The sequel is a full, lengthy game, but it feels like an intermission, or a calm (if calm is Qunari uprising and mage revolts) before the storm type of adventure before what one can only expect to be a larger, more epic Dragon Age 3. Randomly meeting Grey Wardens who must leave to fight something great than murderous Qunari; extra story information in the codex hinting at future plot elements; meeting the returning Origins characters; the ending involving both the Origins main character and Hawke; mention of the one, very special talking Darkspawn from the expansion, Awakening… if given the time and resources, Dragon Age 3 is going to be one hell of an epic on the scale of Lord of the Rings or Harry Potter.
But all of this foreshadowing would not matter if players weren’t able to get through a good tale in Dragon Age 2, and that tale is a good one fraught with loss, revenge, love and friendship.
Family is a big part of the game. Garrett escapes to Kirkwall with his mother and sister (or brother depending on what class you are) and tries to make a new life. To witness the hardships and bond of this family is a nice change of pace from all the adventures that throw characters into a save-the-world scenario with random strangers. Sadly, it doesn’t last.
I really wish your mother and sister would have had more impact (spoiler: I did what was necessary for my sister, Bethany, to happily be around for the remainder of the game and rejoin me as a party member.) If Bethany is with Garrett and you side with the mages, you do get a good bit of dialogue with her at the end of the game, but I wanted more. You lose site of the family over the seven years the game takes place in because of specific story events that are out of your control.
The family aspect may deteriorate, but your companions more than make up for it.
Your friends or rivals will come and go in your home; you’ll fall in love with them, help them out and even help them to court others.
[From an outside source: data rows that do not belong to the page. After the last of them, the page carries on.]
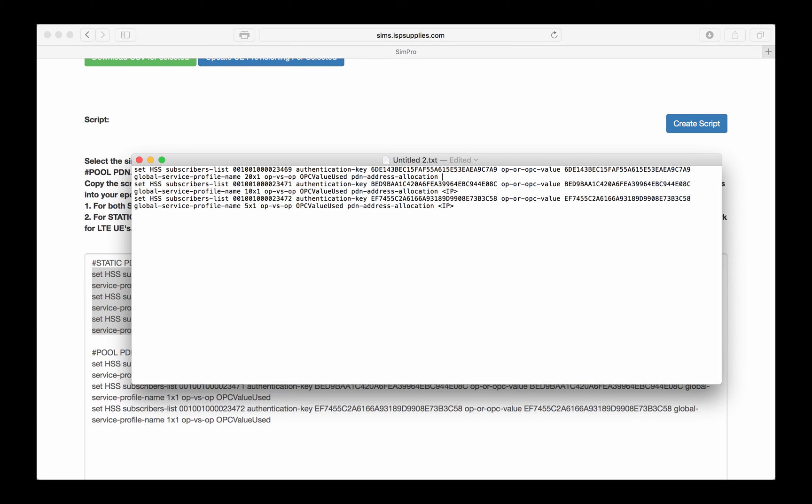The second thing you need to do on the static PDN is put in the IP address that you're going to allocate to these customers. In this case, we're going to use these public addresses, and we'll use them consecutively. These are the IP addresses that will be allocated to these customers.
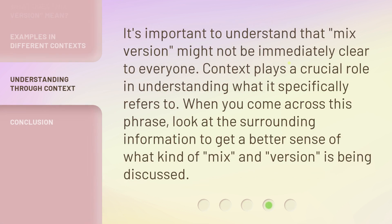It's important to understand that "mixed version" might not be immediately clear to everyone. Context plays a crucial role in understanding what it specifically refers to. When you come across this phrase, look at the surrounding information to get a better sense of what kind of mix and version is being discussed.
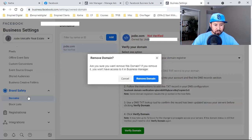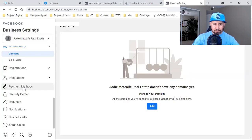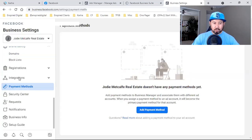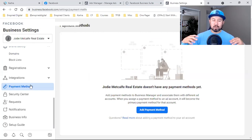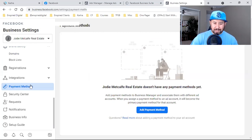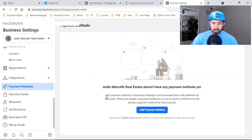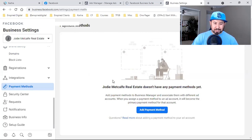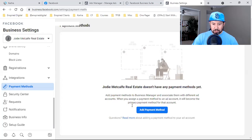The next step is to add your payment method. When we set up the ad account we added a payment method there, but right here in the main Business Manager is also a good place to add a card. Click the blue button, assign yourself as Finance Editor, click Next, and enter your payment info.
One character that stands out is Aveline, a tough soldier who fought for King Cailan in the ill-fated battle of Ostagar in the beginning of Origins. She travels from Ferelden with you to Kirkwall and becomes guard captain. To be with her over the course of the game and help her and have her aid you in various missions give a very sincere sense of friendship. Heck, at one point you help her court a lover—one of the funnier things I’ve seen in a video game.
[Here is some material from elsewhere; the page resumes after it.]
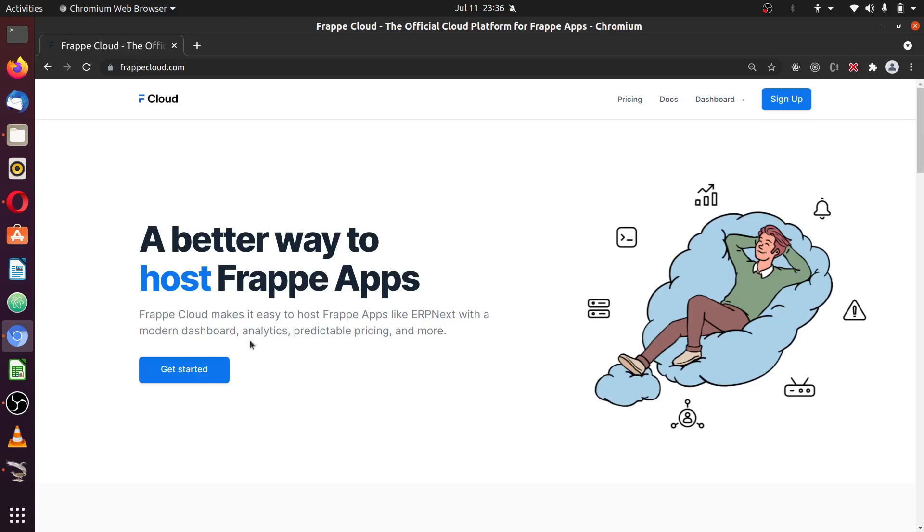Hello and welcome to this tutorial series on Frappe Cloud. My name is Antoni Emmanuel, a Frappe developer. In this series, I'm going to show you how to make use of Frappe Cloud to host your Frappe and ERPNext application.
In fact, this relationship is probably the most believable in the game; it’s basically what one would expect from best friends. You’ll both be flirty, chatty, appreciative, and helpful. The way they interact makes it seem like they were best friends since birth —quite the feat in any game.
What’s more important is that your companions aren’t always with you; they live their own lives in their own homes and go about their business. They will, however, always be there if you call on them (and don’t mess up certain quests, which could result in losing certain characters forever.)
Dragon Age 2 uses a rivalry and friend meter to gauge how companions feel about Hawke. It is interesting in that it really doesn’t matter which way it goes. Of course, someone who wants to be a good guy will aim for happy friendships with their companions.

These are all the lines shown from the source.